TASK INSTRUCTIONS ▸ Skip the pictures, please, and write out exactly every line from the one containing "Încărcător telescopic Manitou" through the end of the listing below.

COLLECTED MATERIAL ▸

[Start of Attachment]

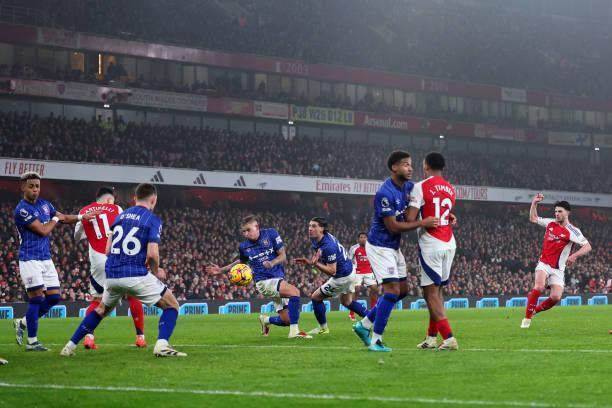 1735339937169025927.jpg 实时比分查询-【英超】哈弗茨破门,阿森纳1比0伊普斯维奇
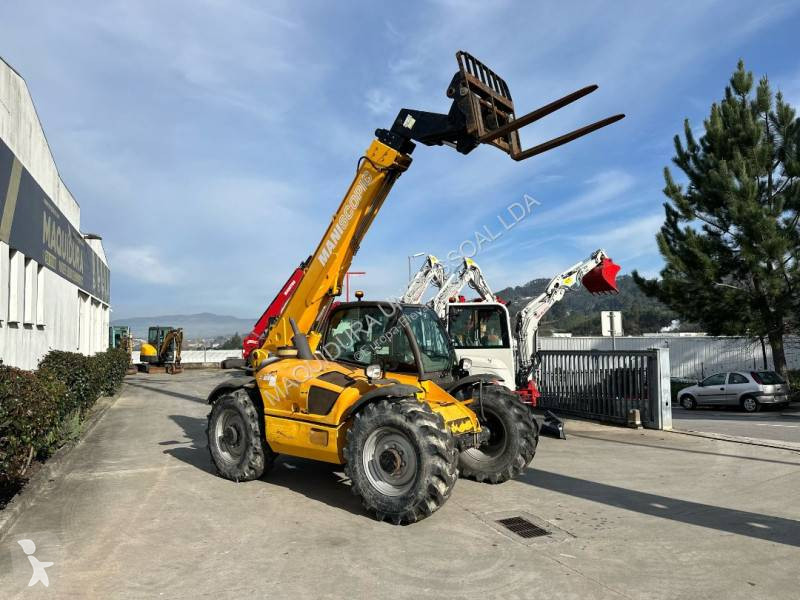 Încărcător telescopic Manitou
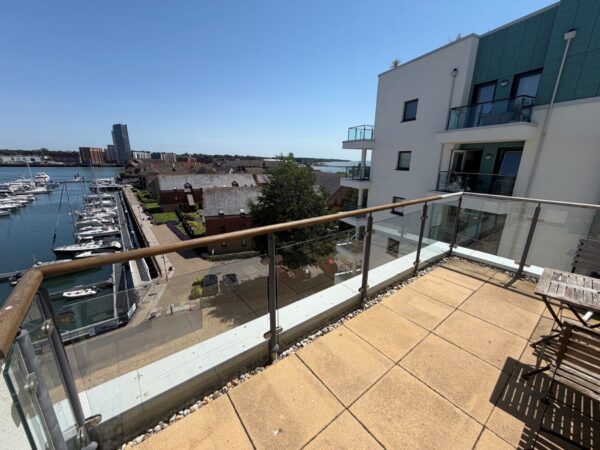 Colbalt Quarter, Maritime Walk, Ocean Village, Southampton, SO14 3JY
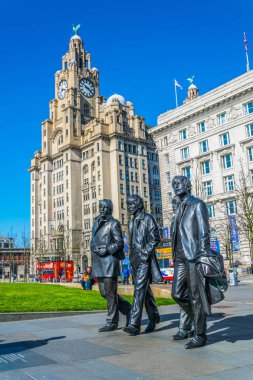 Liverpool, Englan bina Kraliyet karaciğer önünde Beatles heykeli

[End of Attachment]

EXERCISE SOLUTION ▸
 Încărcător telescopic Manitou
 Colbalt Quarter, Maritime Walk, Ocean Village, Southampton, SO14 3JY
 Liverpool, Englan bina Kraliyet karaciğer önünde Beatles heykeli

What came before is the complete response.